__Work item__
Reproduce only the lines that begin at the line with "Nostalgie- Weihnachtsbecher Super-Preis" and run to the end of the entries; omit every picture.

___ Recorded information

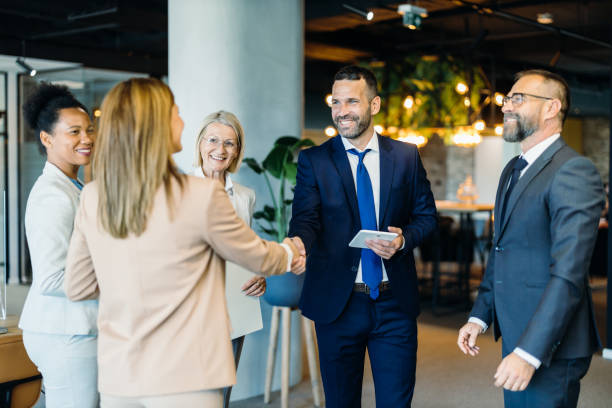 istock Business colleagues in handshake 2183079040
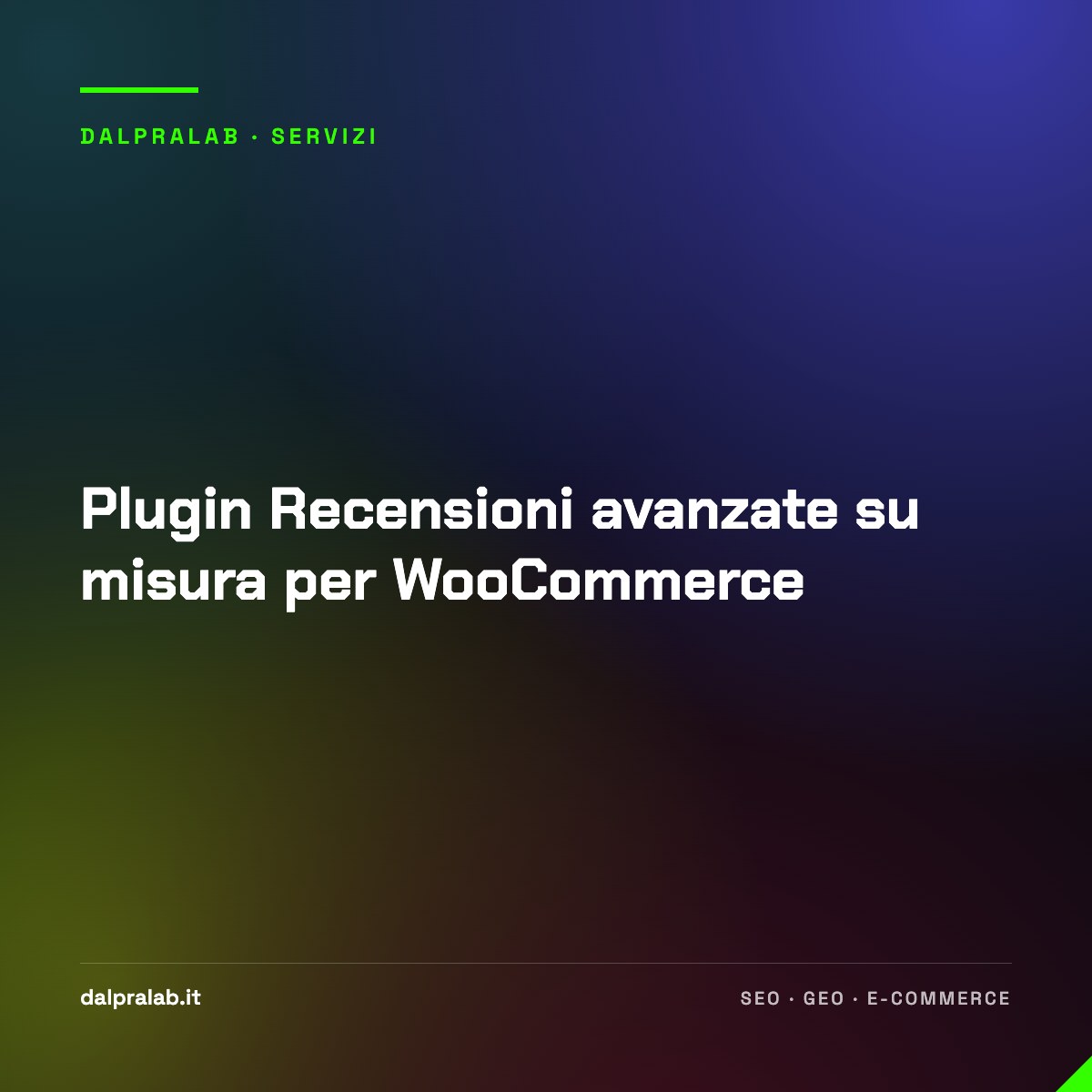 Plugin Recensioni avanzate su misura per WooCommerce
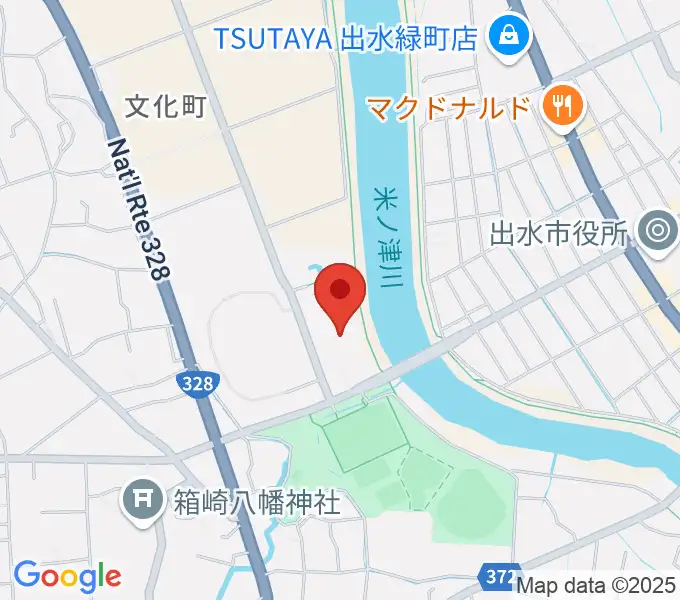 マルマエホール出水の地図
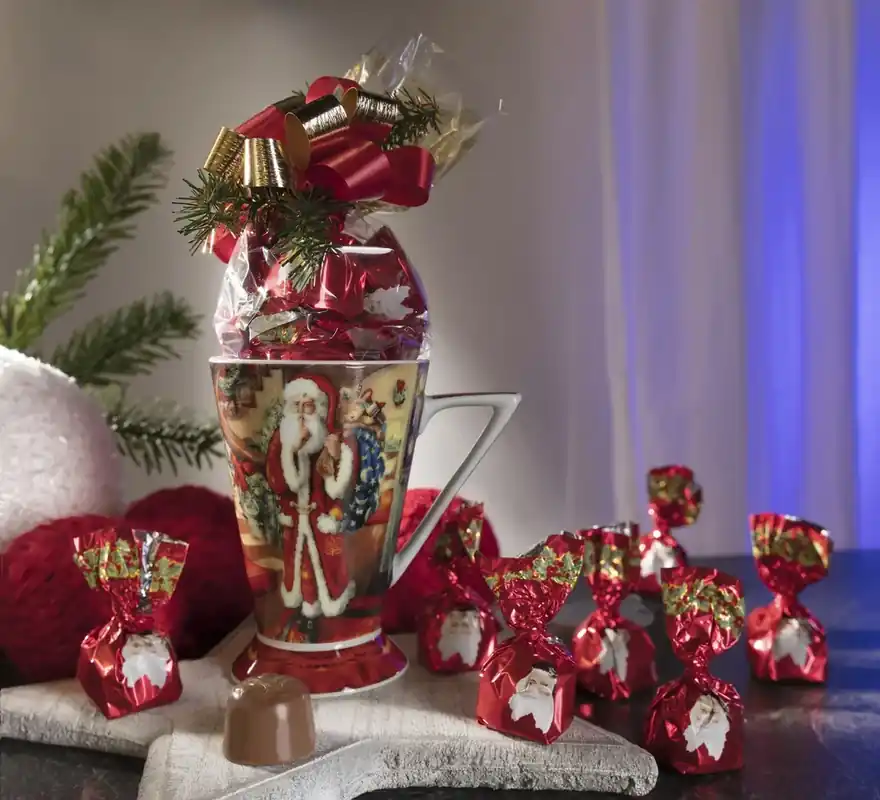 Nostalgie- Weihnachtsbecher Super-Preis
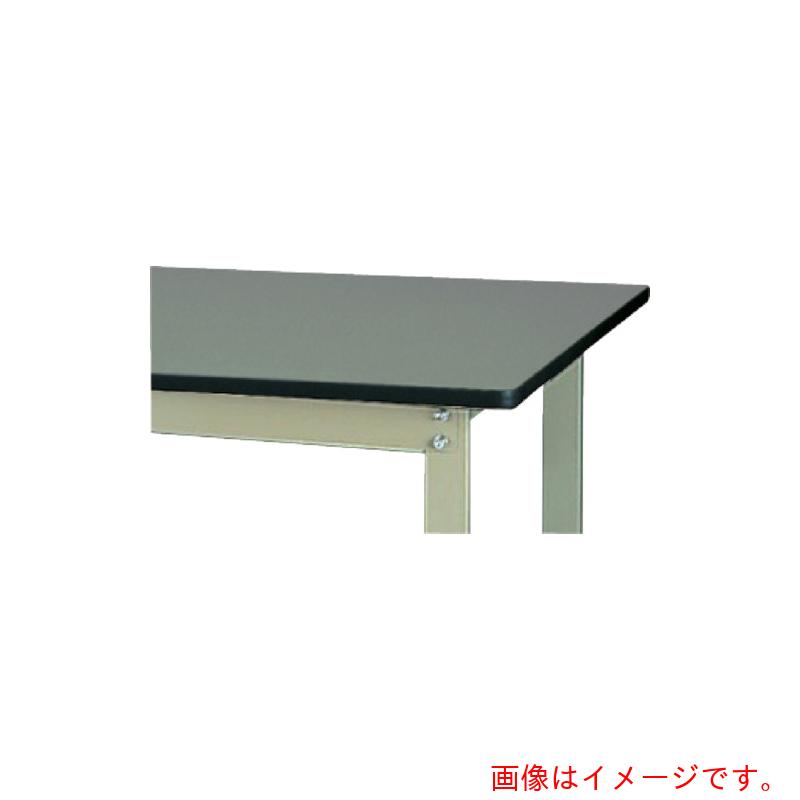 【別途送料あり】山金工業　ヤマテック　ワークテーブル３００シリーズ　固定式　中間棚・半面棚板付　塩ビシート天板　Ｗ１５００&times;７５０&times;Ｈ７４０ｍｍ　ヤマテックグリーン　【品番：SWR-1575TS1-GG】｜住設プロ　店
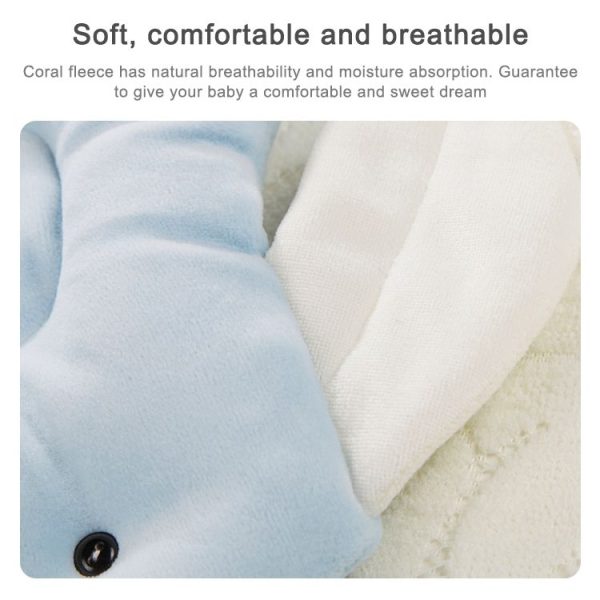 Rabbit Shape Baby Pillow (Blue) - Image 3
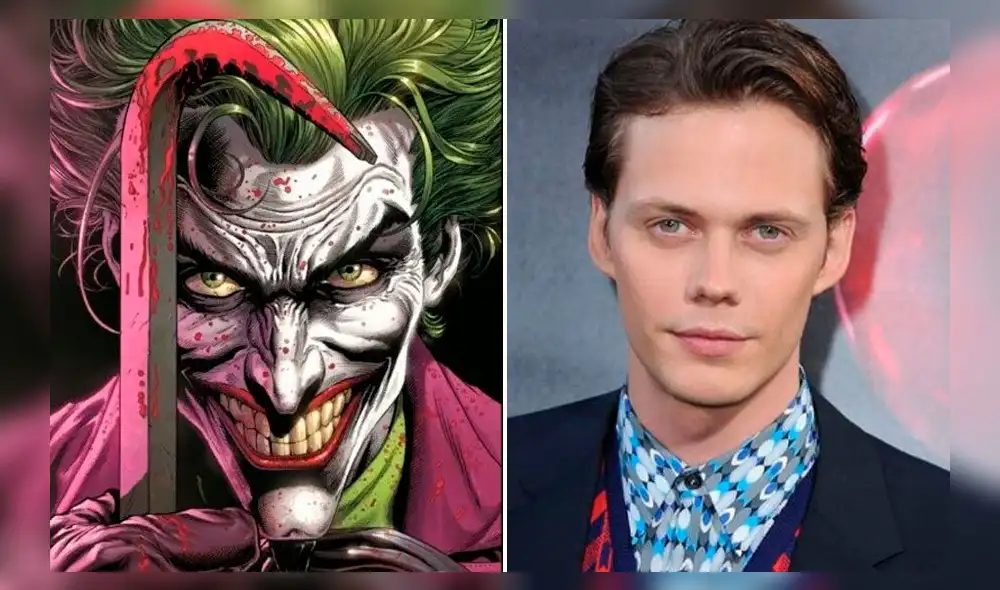 Bill Skarsgard luce como Joker. Créditos: DC Comics/ @billskarsgard_
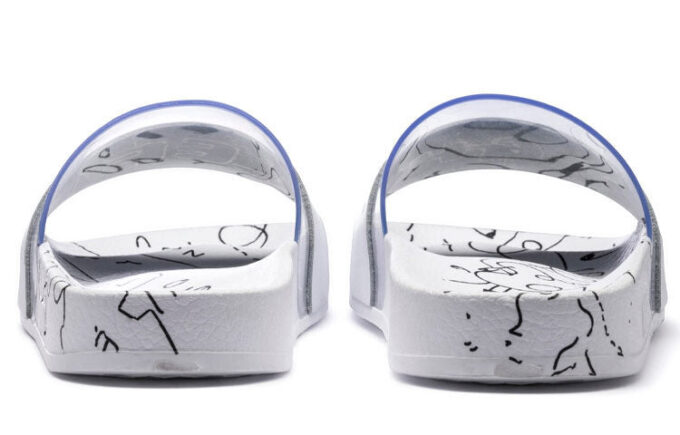 Shantell Martin x Leadcat Slide «Hvit Svart»
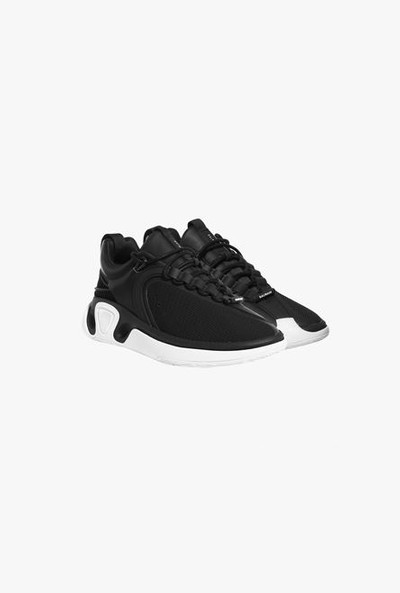 Balmain EXCLUSIVE - Black and white gummy leather and mesh B-Runner sneakers outlook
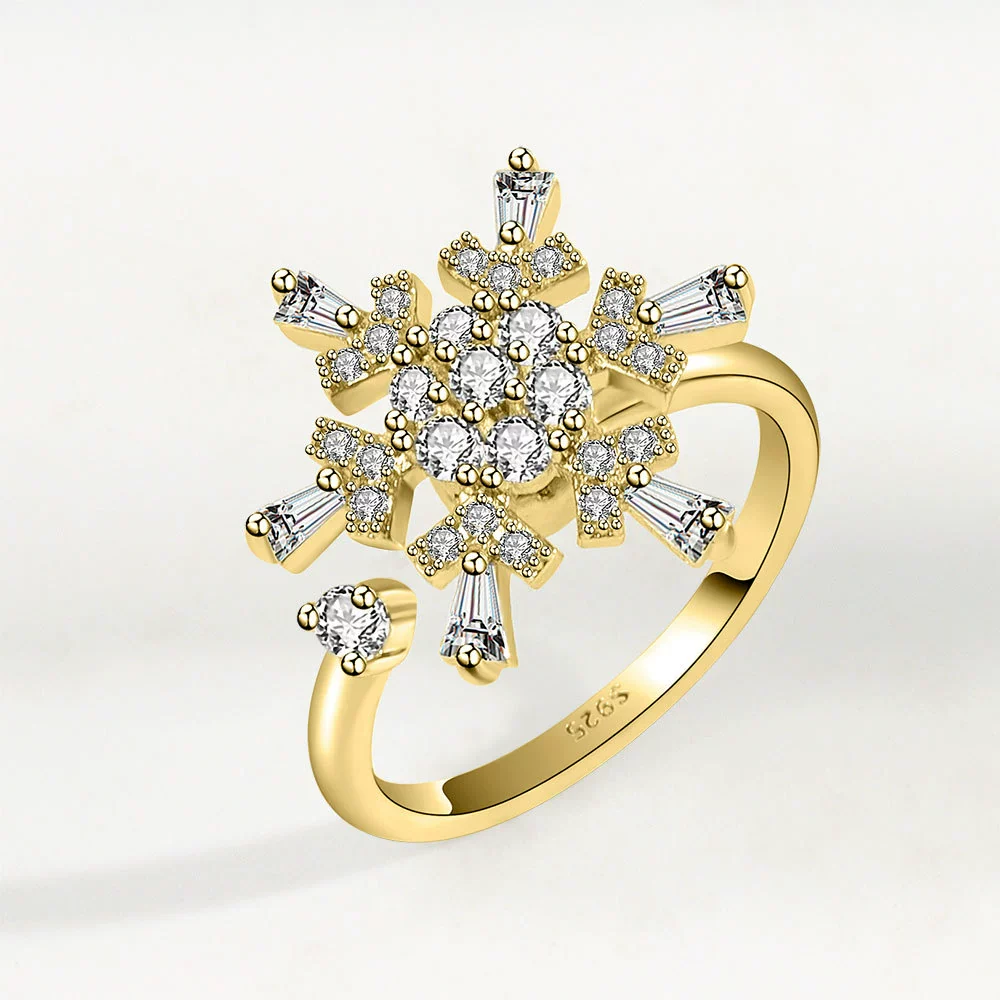 Wholesale Anxiety Relief Rotating Open Women's Ring S925 Sterling Silver Electroplated - Image 3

______

__Exercise result__
 Nostalgie- Weihnachtsbecher Super-Preis
 【別途送料あり】山金工業　ヤマテック　ワークテーブル３００シリーズ　固定式　中間棚・半面棚板付　塩ビシート天板　Ｗ１５００&times;７５０&times;Ｈ７４０ｍｍ　ヤマテックグリーン　【品番：SWR-1575TS1-GG】｜住設プロ　店
 Rabbit Shape Baby Pillow (Blue) - Image 3
 Bill Skarsgard luce como Joker. Créditos: DC Comics/ @billskarsgard_
 Shantell Martin x Leadcat Slide «Hvit Svart»
 Balmain EXCLUSIVE - Black and white gummy leather and mesh B-Runner sneakers outlook
 Wholesale Anxiety Relief Rotating Open Women's Ring S925 Sterling Silver Electroplated - Image 3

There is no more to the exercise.